_WHAT YOU ARE ASKED TO DO_
Reproduce all of the records word for word, omitting the pictures.

================

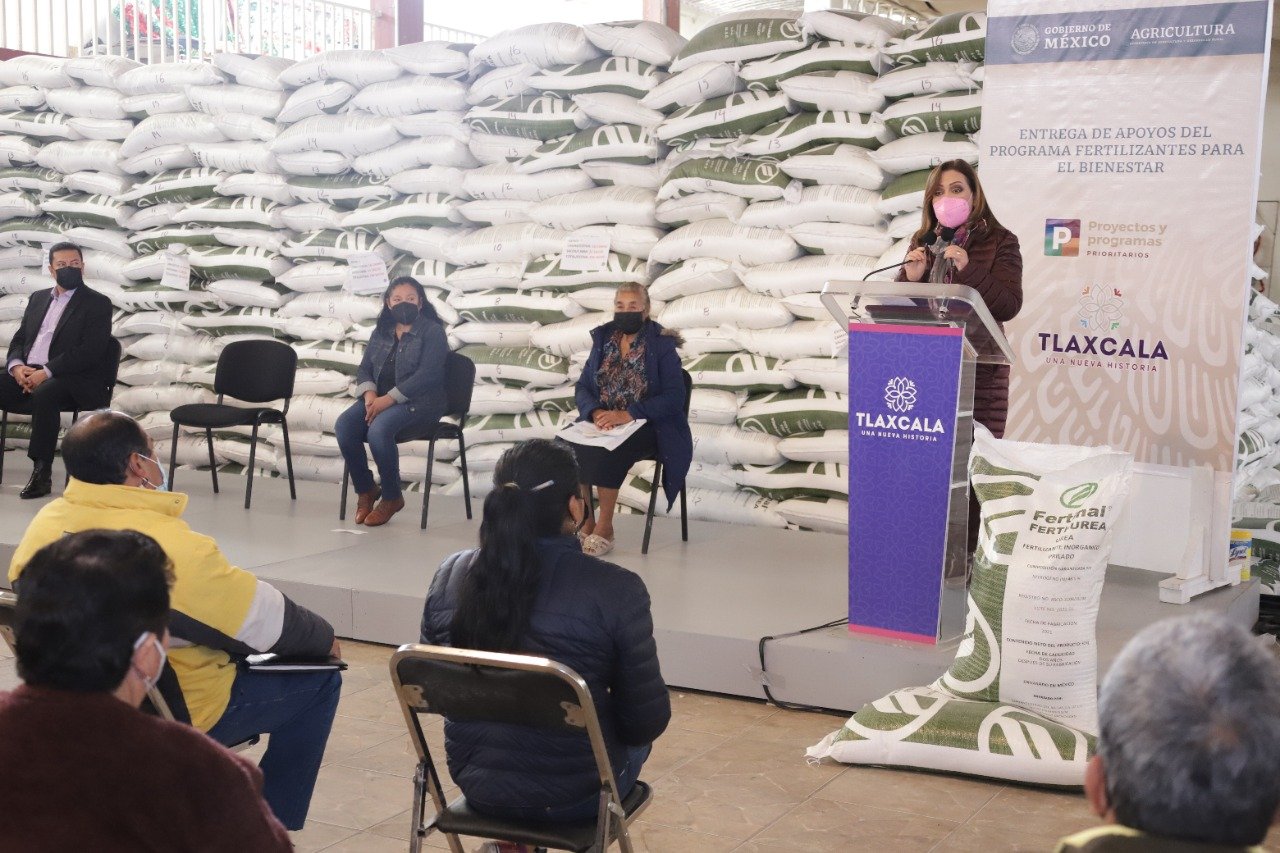 Lorena Cuéllar entrega fertilizantes para más de 3 mil productores en Tlaxcala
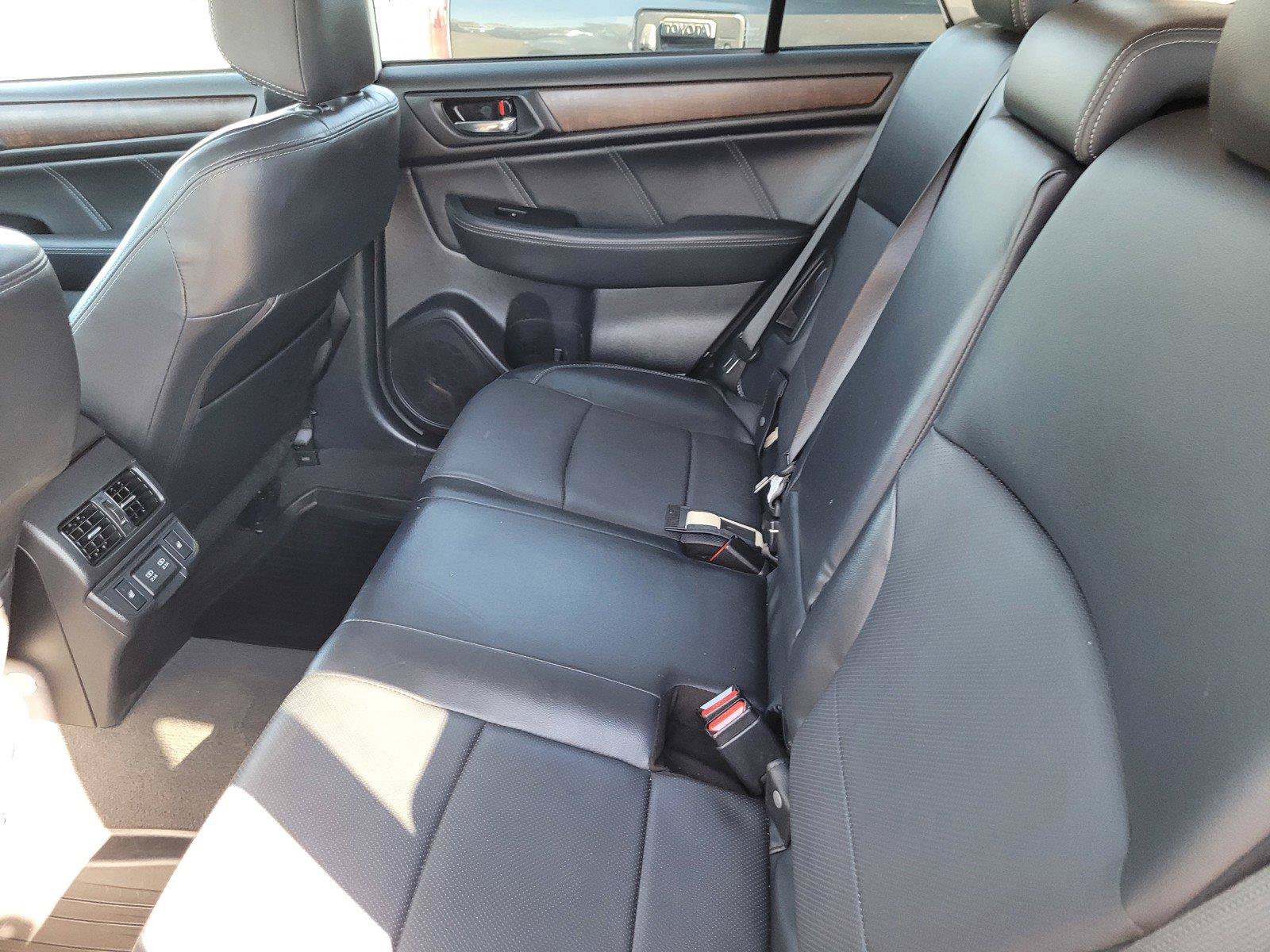Used 2019 Subaru Outback 2.5i Limited AWD/4WD image 16
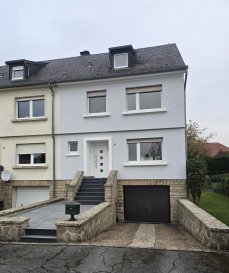 Une maison mitoyenne à louer à Sandweiler, Luxembourg.
Nichée dans un environnement tranquille, cette propriété est idéale pour ceux cherchant un foyer dans une des régions les plus convoitées du pays. 

Détails de la propriété : Ce bien offre un espace généreux de 140 m² habitables réparti comme:
- rez-de-chaussée: halle d'entrée, WC séparé, grand living, une cuisine séparée et équipée avec l'accès sur la terrasse er vers le jardin,
- 1er étage: 3 chambres à coucher et une salle de bain.
- 2ème étage: une chambre/bureau et 2 pièces de grenier. 
Sous-sol : cave en plusieurs pièces.
Grand garage pour une ou 2 voitures.
2 places de parking.
Vous pouvez trouver plus de photos sur notre site www.spaceplus.lu


sur 4 chambres et 1 salle de bains. Avec une surface de terrain de 4,8 ares, la propriété a été rénovée en 2026, garantissant modernité et confort. Les caractéristiques incluent un garage pour un véhicule et la possibilité de stationner jusqu'à 3 voitures à l'extérieur. Elle présente également une cuisine entièrement équipée séparée, un cellier spacieux et un grenier aménageable. Profitez du grand jardin de 400 m² et de la terrasse de 22 m² orientée sud, parfaite pour les journées ensoleillées. La fibre optique est installée, assurant une connexion internet rapide. Le chauffage est au gaz, un choix à la fois économique et écologique. 

Installations à proximité : Sandweiler offre une atmosphère conviviale avec de nombreuses commodités à proximité. On y trouve des écoles de qualité pour toutes les générations. Les amateurs de shopping apprécieront les boutiques locales tandis que les gourmets pourront profiter d'une variété de restaurants. Les espaces verts tels que les parcs et itinéraires de randonnées offrent des activités de plein air pour toute la famille. Les services de santé sont facilement accessibles et les transports en commun assurent une connexion fluide avec les régions environnantes. 

N'attendez pas pour devenir les nouveaux habitants de cette magnifique maison ! Prenez rendez-vous pour une visite en nous contactant via le formulaire ou par téléphone.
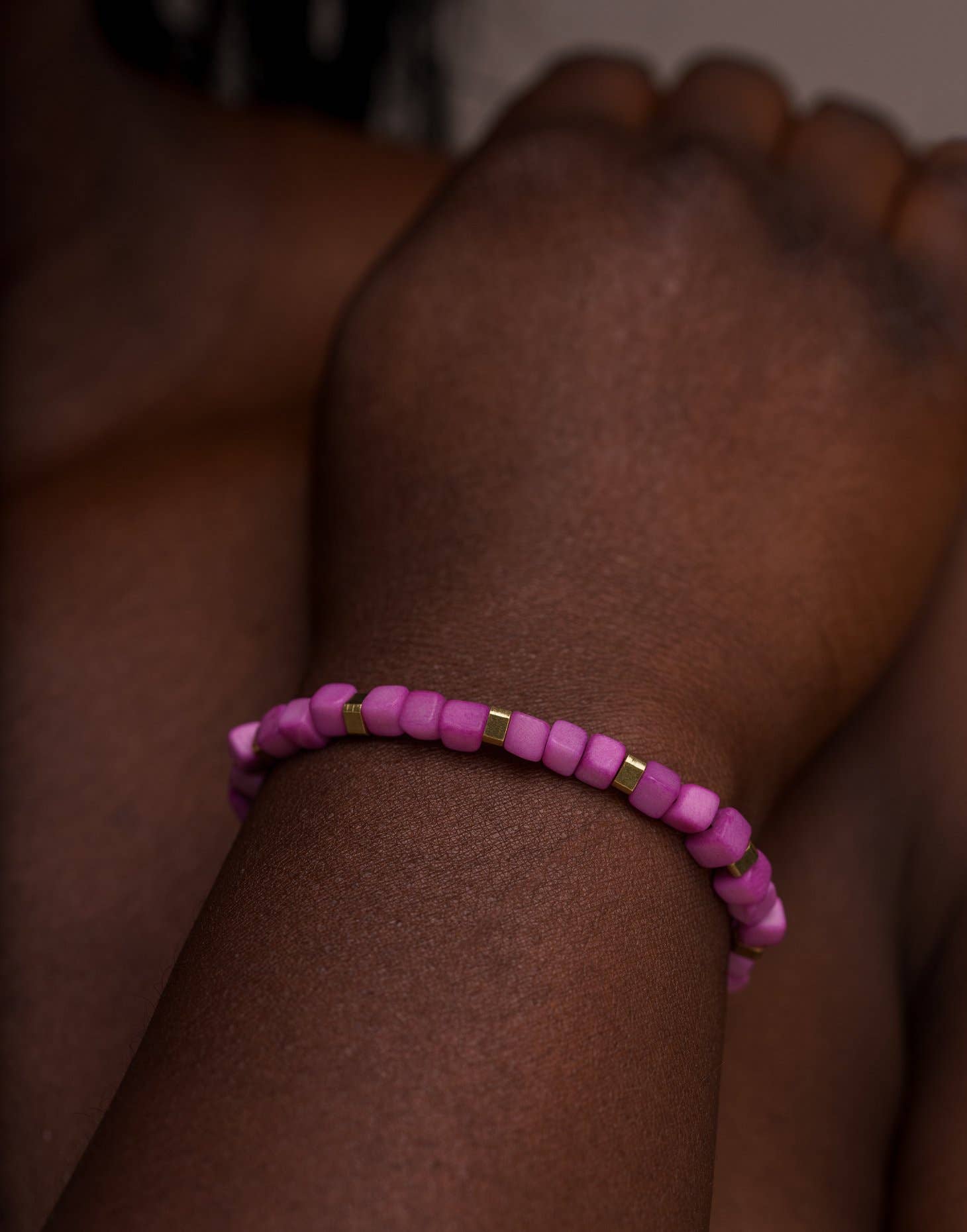 Pretty Pink Eco-Jewellery – wholesale Beaded bracelet – Friendship Tagua Bracelet2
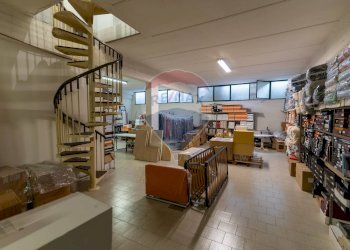 Dispensa di stoccaggio - Negozio Via paladini
 
6, Jesi - foto 22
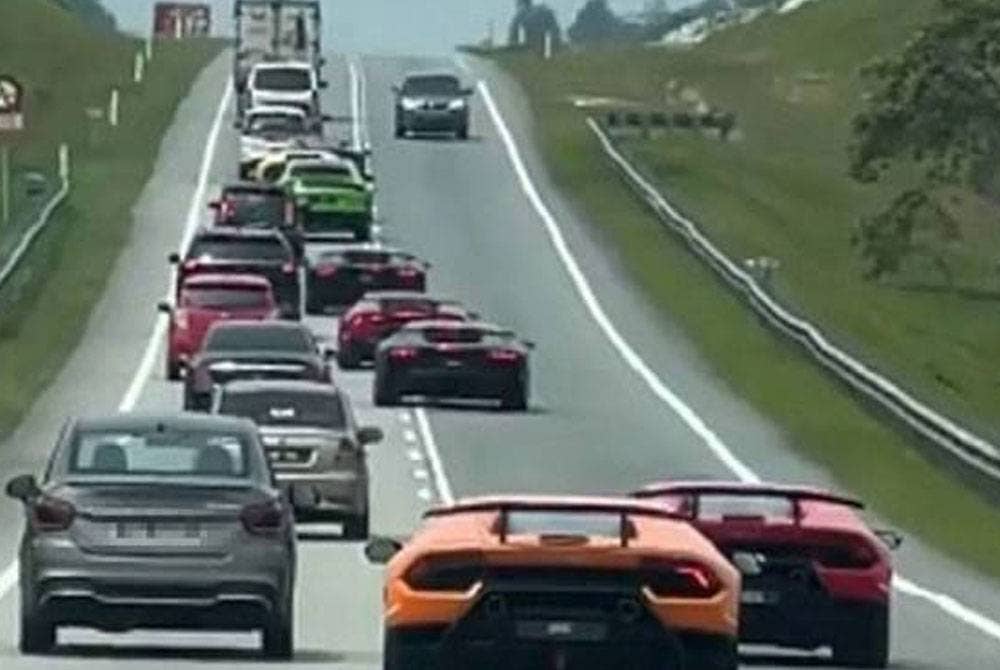 Tangkap layar video yang memaparkan lima kenderaan mewah dikatakan dipandu secara melulu dan membahayakan.
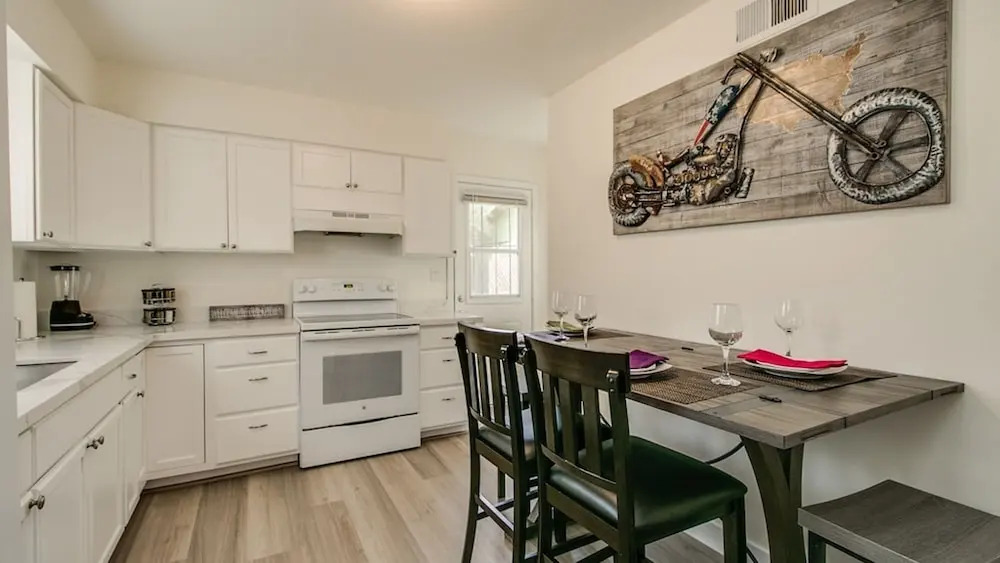 Remodeled 2 Bdrm w/ Yard in Old Town Scottsdale!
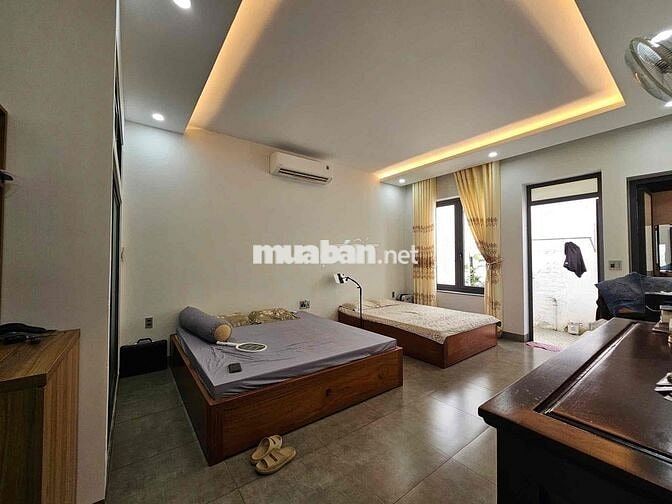 VILA MINI MẶT TIỀN LƯƠNG VĂN CAN ( HẺM 126 Y MOAN CŨ )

================

_REPLY_
 Lorena Cuéllar entrega fertilizantes para más de 3 mil productores en Tlaxcala
Used 2019 Subaru Outback 2.5i Limited AWD/4WD image 16
 Une maison mitoyenne à louer à Sandweiler, Luxembourg.
Nichée dans un environnement tranquille, cette propriété est idéale pour ceux cherchant un foyer dans une des régions les plus convoitées du pays. 

Détails de la propriété : Ce bien offre un espace généreux de 140 m² habitables réparti comme:
- rez-de-chaussée: halle d'entrée, WC séparé, grand living, une cuisine séparée et équipée avec l'accès sur la terrasse er vers le jardin,
- 1er étage: 3 chambres à coucher et une salle de bain.
- 2ème étage: une chambre/bureau et 2 pièces de grenier. 
Sous-sol : cave en plusieurs pièces.
Grand garage pour une ou 2 voitures.
2 places de parking.
Vous pouvez trouver plus de photos sur notre site www.spaceplus.lu


sur 4 chambres et 1 salle de bains. Avec une surface de terrain de 4,8 ares, la propriété a été rénovée en 2026, garantissant modernité et confort. Les caractéristiques incluent un garage pour un véhicule et la possibilité de stationner jusqu'à 3 voitures à l'extérieur. Elle présente également une cuisine entièrement équipée séparée, un cellier spacieux et un grenier aménageable. Profitez du grand jardin de 400 m² et de la terrasse de 22 m² orientée sud, parfaite pour les journées ensoleillées. La fibre optique est installée, assurant une connexion internet rapide. Le chauffage est au gaz, un choix à la fois économique et écologique. 

Installations à proximité : Sandweiler offre une atmosphère conviviale avec de nombreuses commodités à proximité. On y trouve des écoles de qualité pour toutes les générations. Les amateurs de shopping apprécieront les boutiques locales tandis que les gourmets pourront profiter d'une variété de restaurants. Les espaces verts tels que les parcs et itinéraires de randonnées offrent des activités de plein air pour toute la famille. Les services de santé sont facilement accessibles et les transports en commun assurent une connexion fluide avec les régions environnantes. 

N'attendez pas pour devenir les nouveaux habitants de cette magnifique maison ! Prenez rendez-vous pour une visite en nous contactant via le formulaire ou par téléphone.
 Pretty Pink Eco-Jewellery – wholesale Beaded bracelet – Friendship Tagua Bracelet2
 Dispensa di stoccaggio - Negozio Via paladini
 
6, Jesi - foto 22
 Tangkap layar video yang memaparkan lima kenderaan mewah dikatakan dipandu secara melulu dan membahayakan.
 Remodeled 2 Bdrm w/ Yard in Old Town Scottsdale!
 VILA MINI MẶT TIỀN LƯƠNG VĂN CAN ( HẺM 126 Y MOAN CŨ )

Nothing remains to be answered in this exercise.